Surveying the Capitol Land Reservation in Texas
Published in Southwestern Historical Quarterly • Vol. 129, No. 3 (January 2026), pp. 335–364
The text here is the original submitted manuscript. For the published version, please see Southwestern Historical Quarterly
Abstract
During the closing years of the 1870s, vast areas of public lands owned by the State of Texas remained underutilized and their value unrealized as the state exited the Reconstruction period. With the adoption of the Constitution of 1876, this asset became the focus of state efforts to develop public works. This Constitution provided for the appropriation of 3 million acres of the public domain to fund the construction of a new state Capitol, a story that many Texans know well.
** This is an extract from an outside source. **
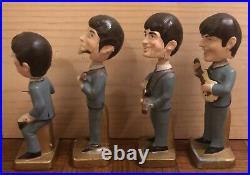 Vintage 1964 Complete Set Of Beatles Bobbleheads Car Mascots Pics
A lesser-known aspect of this history entails the controversies that complicated the survey project that initiated the transformation of 3 million acres of state land into the largest ranch in the world. Led by contractor Joseph Theodore "J.T." Munson in 1879 and 1880, the survey of what became the Capitol Land Reservation employed expert surveyors like John S. Summerfield and H. A. Wiley in the Panhandle to produce an intricate record of the vast property. A detailed survey was created, but it attracted intense legal scrutiny as potentially fraudulent practices by the firm of Gunter & Munson in Sherman came to light. More problems emerged in subsequent years as more accurate surveys uncovered significant errors in Munson's survey that affected landowners in the region as late as the 1920s.